Helping Kids Sleep When You're Camping

Sleep and camping: Can you have both?When it comes to family vacations, I’m all for keeping kids as well-rested as possible. After all, nobody wants to travel with a whiny, overtired child, right? But when your vacation destination is a campsite, things get a bit hairy.

Camping presents some unique sleep hurdles. For starters, here in the Northwestern US, the summer sun shines from around 5 a.m. to past 10 p.m. At home, you can block the rays from bedrooms, but there’s virtually no way to block the brilliant sun from invading your tent. Or the 4 a.m. birdsongs, which are lovely—except when you want just 15 more mintues of precious shut-eye. Add stifling or chilling temperatures (depending on your locale), the close proximity of other (loud) campers, road noise, and relatively minimal creature comforts, and it’s no wonder camping kids have trouble sleeping well.

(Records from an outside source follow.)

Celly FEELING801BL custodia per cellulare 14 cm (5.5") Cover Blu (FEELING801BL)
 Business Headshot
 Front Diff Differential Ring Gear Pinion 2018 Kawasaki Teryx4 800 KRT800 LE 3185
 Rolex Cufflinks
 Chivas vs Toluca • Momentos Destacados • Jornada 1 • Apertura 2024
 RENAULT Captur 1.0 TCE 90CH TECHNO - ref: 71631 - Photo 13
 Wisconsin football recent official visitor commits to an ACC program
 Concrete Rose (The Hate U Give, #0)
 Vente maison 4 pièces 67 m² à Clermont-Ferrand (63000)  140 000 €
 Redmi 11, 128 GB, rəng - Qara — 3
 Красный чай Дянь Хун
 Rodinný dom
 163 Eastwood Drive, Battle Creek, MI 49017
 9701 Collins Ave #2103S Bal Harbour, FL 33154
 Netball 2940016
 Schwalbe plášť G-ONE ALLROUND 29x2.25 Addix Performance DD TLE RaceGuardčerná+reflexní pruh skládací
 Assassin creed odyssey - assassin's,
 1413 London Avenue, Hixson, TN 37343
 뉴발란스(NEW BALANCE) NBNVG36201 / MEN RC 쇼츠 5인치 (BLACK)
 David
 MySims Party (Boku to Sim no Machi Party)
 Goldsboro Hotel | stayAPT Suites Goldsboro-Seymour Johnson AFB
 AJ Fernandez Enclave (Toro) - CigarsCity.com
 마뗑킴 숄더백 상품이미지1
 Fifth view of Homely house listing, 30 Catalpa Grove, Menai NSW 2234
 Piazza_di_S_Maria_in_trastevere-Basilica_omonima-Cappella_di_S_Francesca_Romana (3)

I should know—I just returned from an island camping trip with two little campers who happen to be light sleepers. Our friends advised us to just “let them go until they crash,” but that’s not an option for us. Our oldest actually asks to be put to bed around the same time each night (and she goes from pleasantly sleepy to painfully overtired in a flash). As for our adventurous toddler, “going until she crashes” would entail traipsing into neighboring campsites, befriending strange dogs, upending the trashbag, and pitching plates and cutlery into the campfire until WE finally crashed from exhaustion. We had to figure out a way to get them to bed at a decent hour, bellowing birds and brutally late sunsets be darned.

With some planning and some patience, we did. Yes, the process took a bit longer than our at-home bedtimes, but the fun we had on our trip was well worth it. So don’t let fear of sleepless nights keep you from wandering into the wilderness (or maybe a local well-equipped campground) with kids in tow. Camping is a memorable family experience no kid should miss. Here are a few ways to support healthy sleep so kids have energy for hiking, swimming, and s’mores eating.

Beat the heat—or find some heat

If nighttime temperatures at your destination run above 70 degrees F or below 50, kids may be too warm or cold to sleep comfortably. The ideal temperature for sleep is between 60 and 68 degrees, and bodies that are too hot or cold have trouble cycling through the phases of sleep.

Here in the Pacific Northwest, nights are cool even at the height of summer. A friend of mine swears by the family bed during camping trips to keep everyone toasty at night—one king-size air mattress, parents, kids, body heat and lots of blankets. During 45 degree nights in our tent, I kept my petite 2-year-old warm with footed fleece pajamas and a hooded sweatshirt layered on top. I didn't overdo the blankets—as she kicks them off anyway—but I did drape a large, lightweight blanket over her pack-and-play. The blanket helped insulate her “mini-bedroom” and had a nice side-effect of blocking some light, too.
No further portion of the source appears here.